Starting at the line with "Keep Going (Explicit)", return every line through the final one of the data, word for word. Pictures stay out.

Provided material:
§

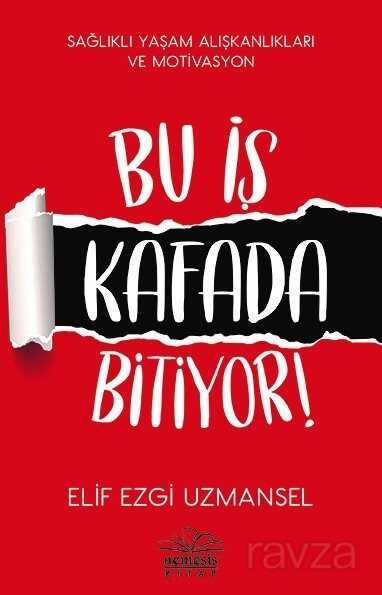 Bu İş Kafada Bitiyor! - Nemesis Kitap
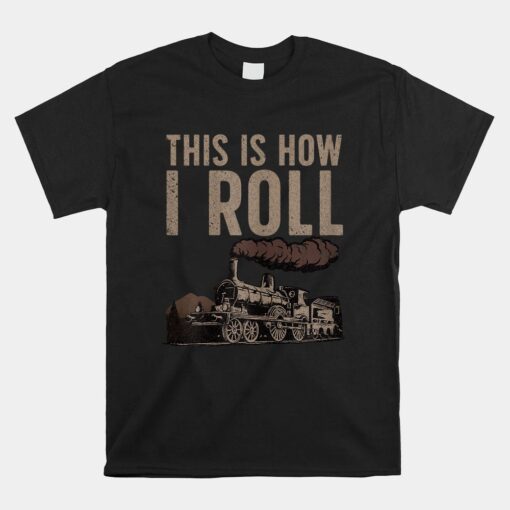 Cool Train Steam Locomotive Train Shirt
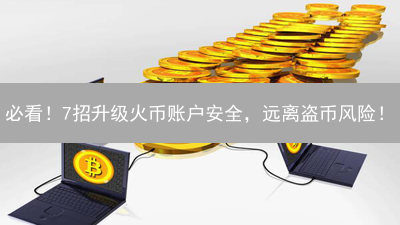 必看！7招升级火币账户安全，远离盗币风险！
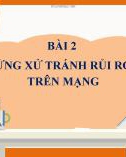 Bài giảng môn Tin học 7 sách Cánh diều: Ứng xử tránh rủi ro trên mạng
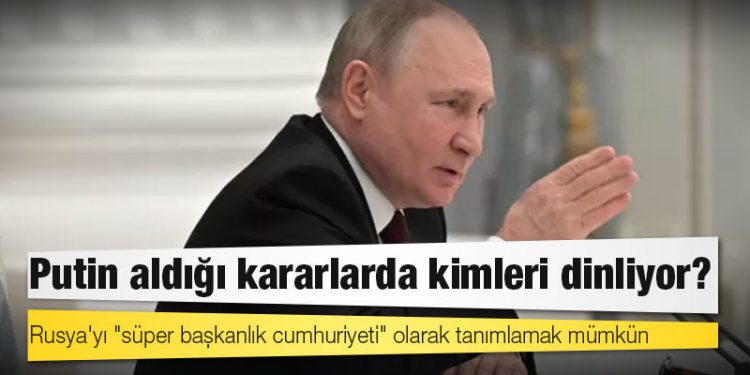 Ukrayna krizi: Putin aldığı kararlarda kimleri dinliyor?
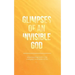 Glimpses of an Invisible God: Experiencing God in the Everyday Moments of Life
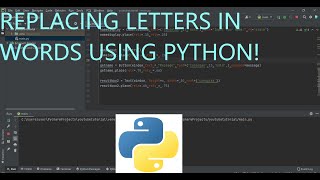 [2022 Beginners] Replacing Letters in Using Python Profile
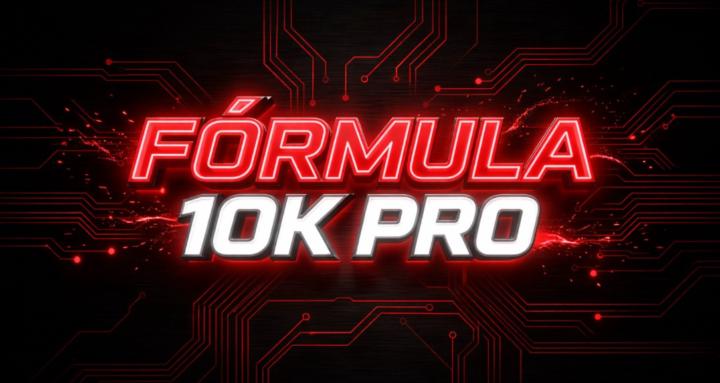 FÓRMULA 10K PRO 🚀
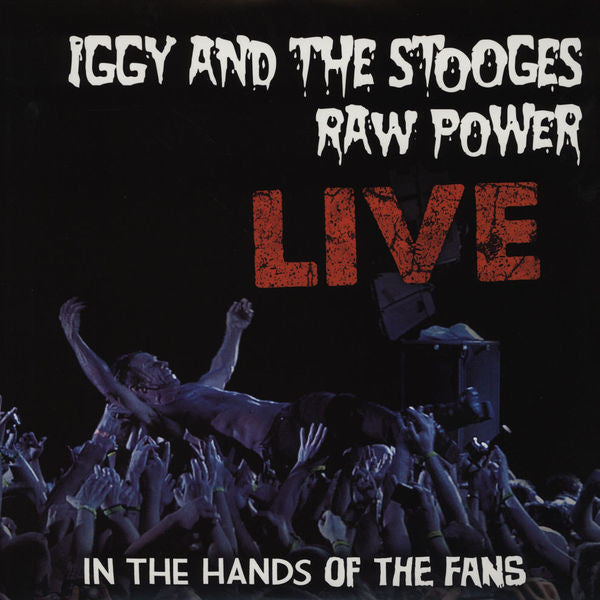 Iggy And The Stooges* : Raw Power Live (In The Hands Of The Fans) (LP, Album, 180)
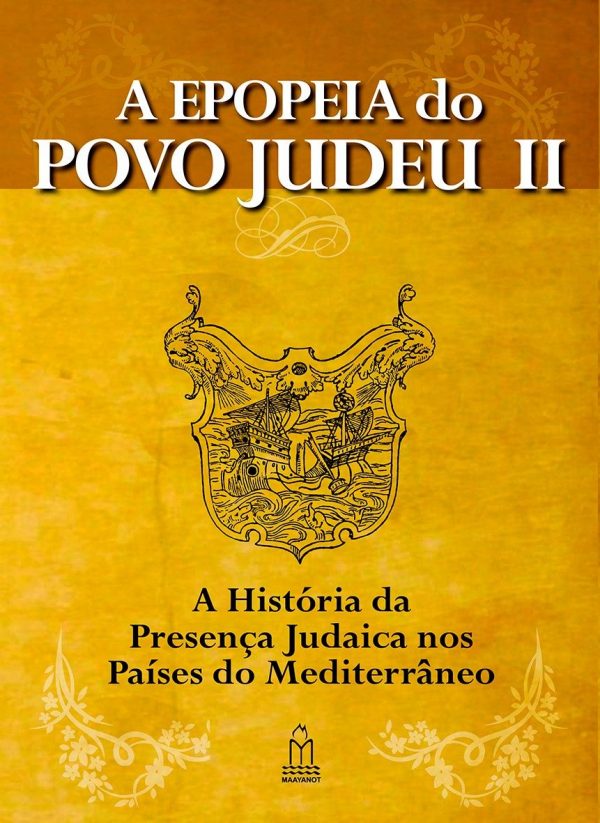 A Epopeia Do Povo Judeu Ii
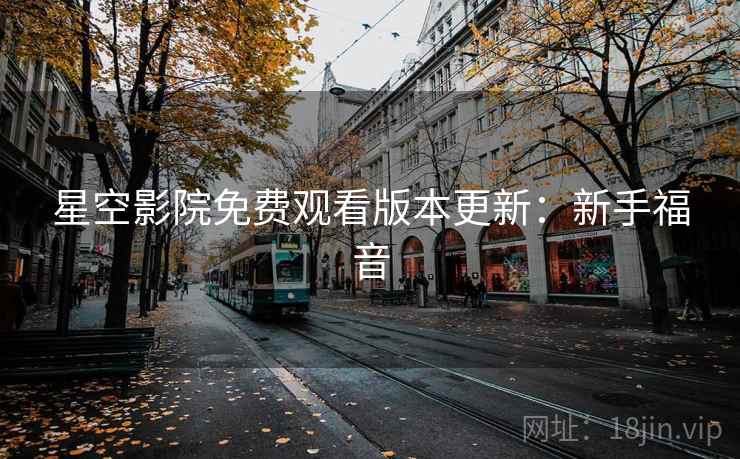 星空影院免费观看版本更新：新手福音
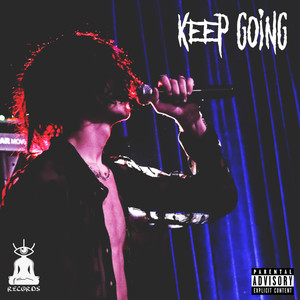 Keep Going (Explicit)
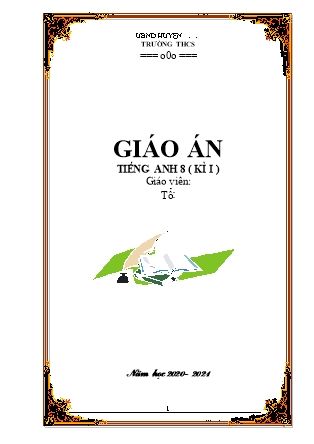 Giáo án Tiếng anh Lớp 8 - Chương trình cả năm - Năm học 2020-2021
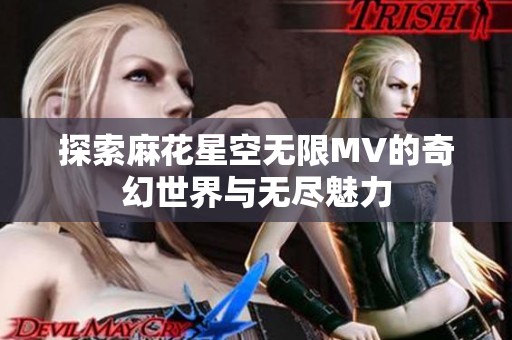 探索麻花星空无限MV的奇幻世界与无尽魅力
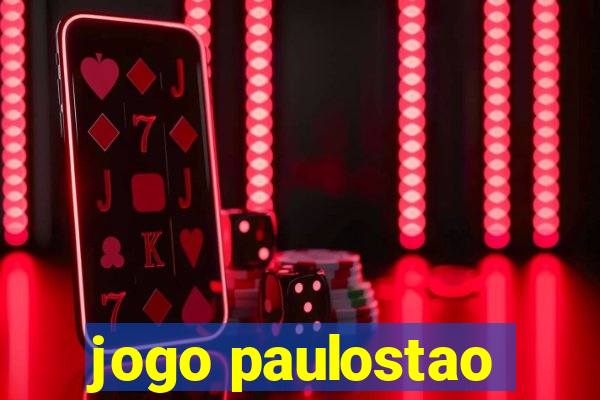 jogo paulostao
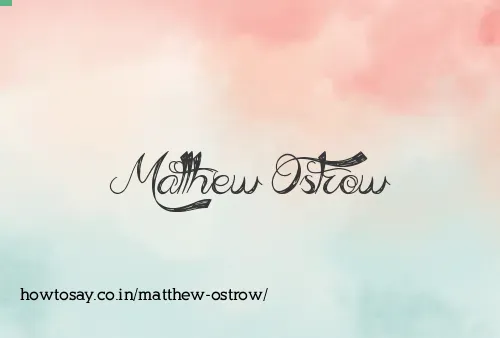 Matthew Ostrow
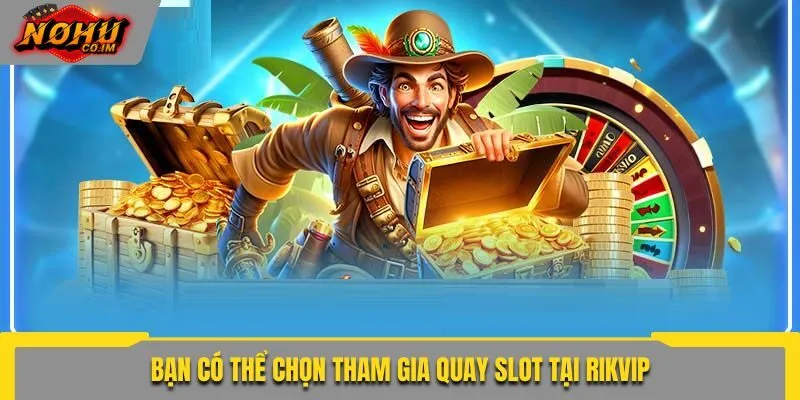 Bạn có thể chọn tham gia quay slot tại Rikvip
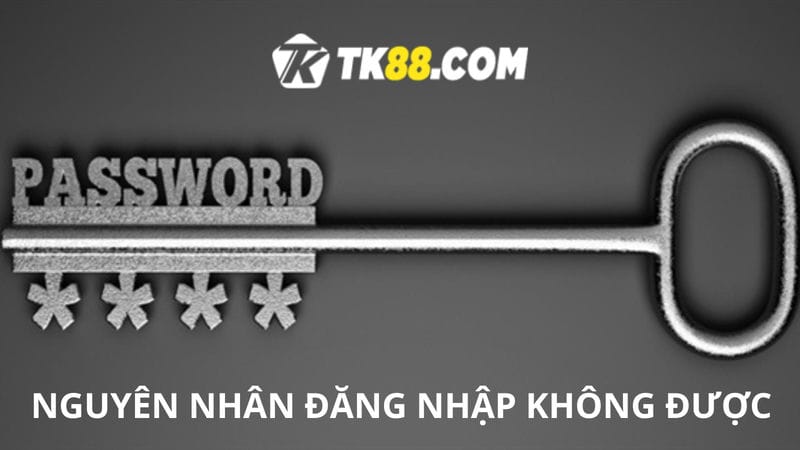 Nguyên nhân đăng nhập TK88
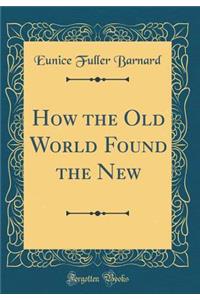 How the Old World Found the New (Classic Reprint)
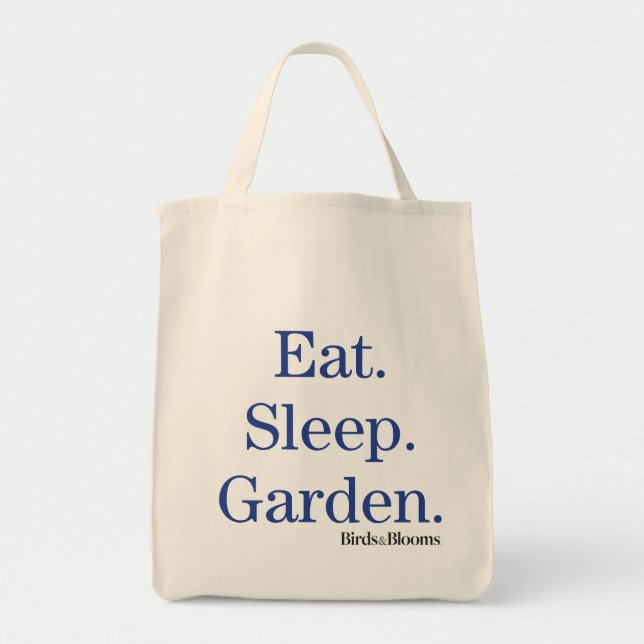 Eat. Sleep. Garden. Tote Bag (Front)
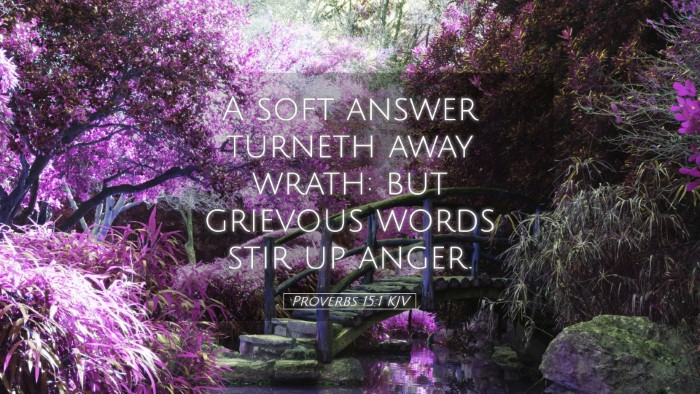 Picture 05 - Proverbs 15:1 KJV Desktop Wallpaper - A soft answer turneth away wrath: but grievous - Desktop Bible Verse Wallpaper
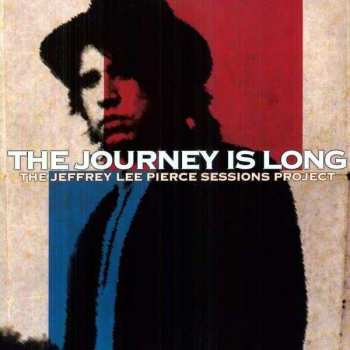 2LP Various: The Journey Is Long (The Jeffrey Lee Pierce Sessions Project) 465301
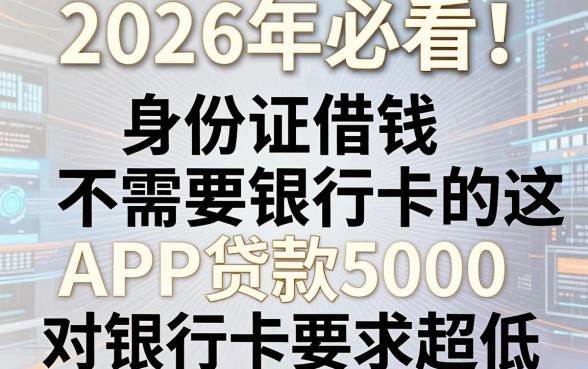 2026年必看!身份证借钱不需要银行卡的,这几家APP贷款5000对银行卡要求超低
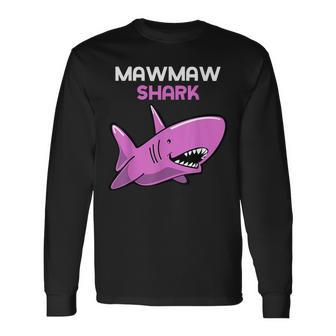 Mawmaw Shark Maw-Maw Long Sleeve T-Shirt | Mazezy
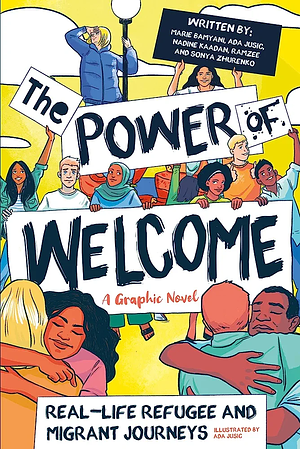 The Power of Welcome: Real-life Refugee and Migrant Journeys by Sonya Zhurenko, Marie Bamyani, Nadine Kaadan, Ramzee ., Ada Jusic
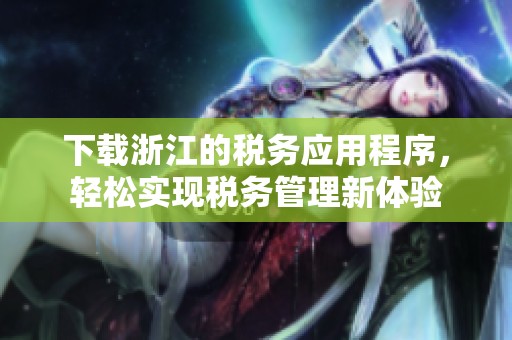 下载浙江的税务应用程序，轻松实现税务管理新体验
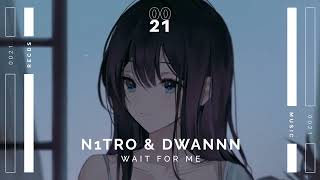 N1tro & DWANNN - Wait For Me [Promo]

§

Response below:
 Keep Going (Explicit)
 Giáo án Tiếng anh Lớp 8 - Chương trình cả năm - Năm học 2020-2021
 探索麻花星空无限MV的奇幻世界与无尽魅力
 jogo paulostao
 Matthew Ostrow
 Bạn có thể chọn tham gia quay slot tại Rikvip
 Nguyên nhân đăng nhập TK88
 How the Old World Found the New (Classic Reprint)
 Eat. Sleep. Garden. Tote Bag (Front)
 Picture 05 - Proverbs 15:1 KJV Desktop Wallpaper - A soft answer turneth away wrath: but grievous - Desktop Bible Verse Wallpaper
 2LP Various: The Journey Is Long (The Jeffrey Lee Pierce Sessions Project) 465301
 2026年必看!身份证借钱不需要银行卡的,这几家APP贷款5000对银行卡要求超低
 Mawmaw Shark Maw-Maw Long Sleeve T-Shirt | Mazezy
 The Power of Welcome: Real-life Refugee and Migrant Journeys by Sonya Zhurenko, Marie Bamyani, Nadine Kaadan, Ramzee ., Ada Jusic
 下载浙江的税务应用程序，轻松实现税务管理新体验
 N1tro & DWANNN - Wait For Me [Promo]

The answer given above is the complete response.